Josh was 28 when he opened his own fish restaurant, Saint Peter, in 2016. In doing so, he’s started a conversation about the ‘fin-to-scale movement’. He backed it up in 2018 when he launched Fish Butchery, Australia’s first sustainable fishmonger.
Josh credits his own style and creativity to his overseas experiences including development work with Heston Blumenthal, the balance of skills from Peter Doyle, and the handling of fish from Steve Hodges.
“I feel that I’ve won out in terms of direction. Fish for me has remained untapped for a long time globally. It’s been seen as very one dimensional. The reason why everything has moved so quick for me is because my wife Julie and I own the business and can do what we want,” Josh says. “Not many people would agree to put four-week old fish on the menu. Having the confidence to do our own thing has been the pinnacle of our career so far.”
The interest in Josh’s craft saw his first commercial cookbook, The Whole Fish, fly off the shelves. His second cookbook is set for release in 2021.
“The first book started the conversation with so many new concepts no-one had ever heard of. The new one is far more blueprint, more colourful, more encouraging, and is a summary of where my head is at,” he says.
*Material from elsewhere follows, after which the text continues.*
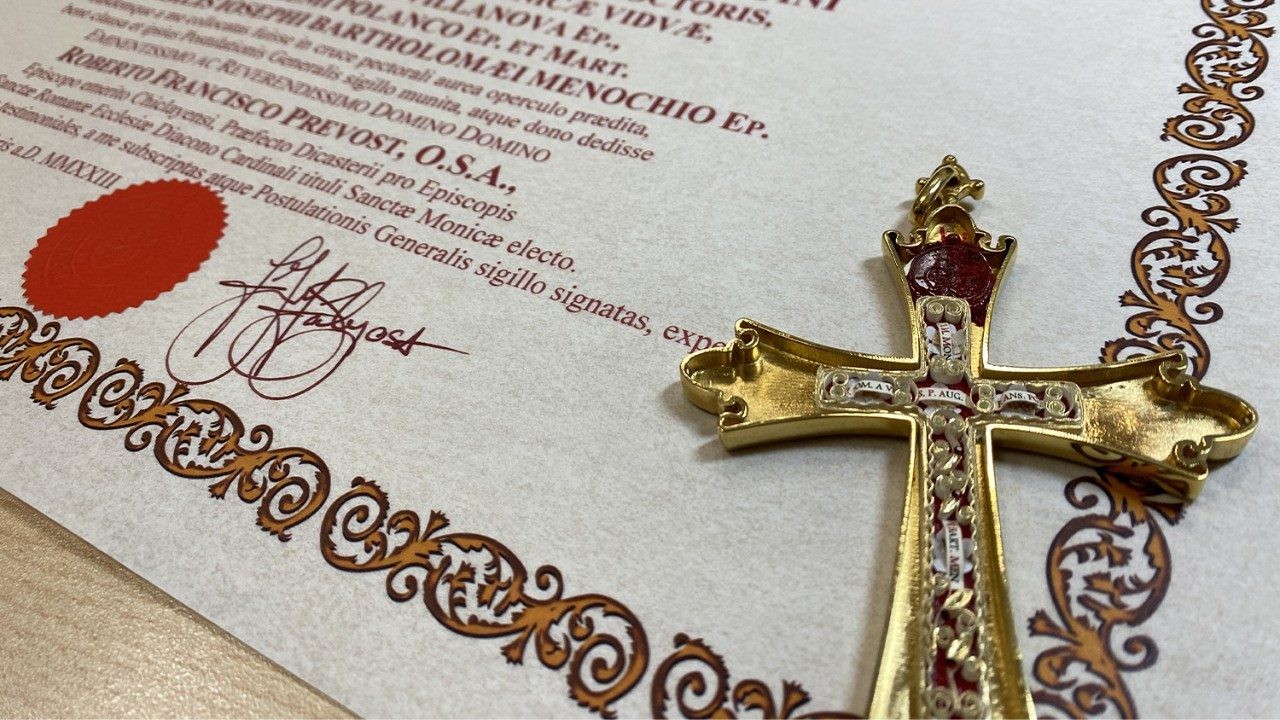 El Papa León XIV porta reliquias de San Agustín y Santa Mónica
Last year was a turbulent one for so many in hospitality, with Josh managing the restaurant and home schooling of his three kids. He hopes 2021 will bring more opportunities on MasterChef, team building at Saint Peter, and a “head down bum up” approach.
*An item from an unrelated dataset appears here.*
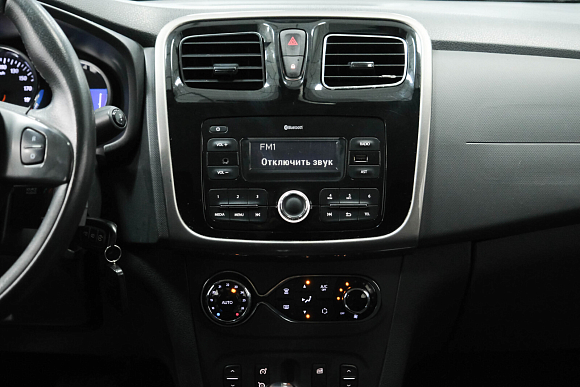 Renault Sandero Privilege, 2017 года, пробег 121000 км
“What gives me most joy at the moment is the general camaraderie of the industry and how open it is. When I started, the message was ‘these are our recipes, our processes, don’t look in’. The only way to look in was to experience the food and buy cookbooks. As an apprentice, every pay cheque was invested in food,” Josh says. “Cooking still brings me a huge amount of joy. It’s not something I do every day because I wear a few different hats now, so any opportunity to cook – for my kids or customers – is when I go into my own element.”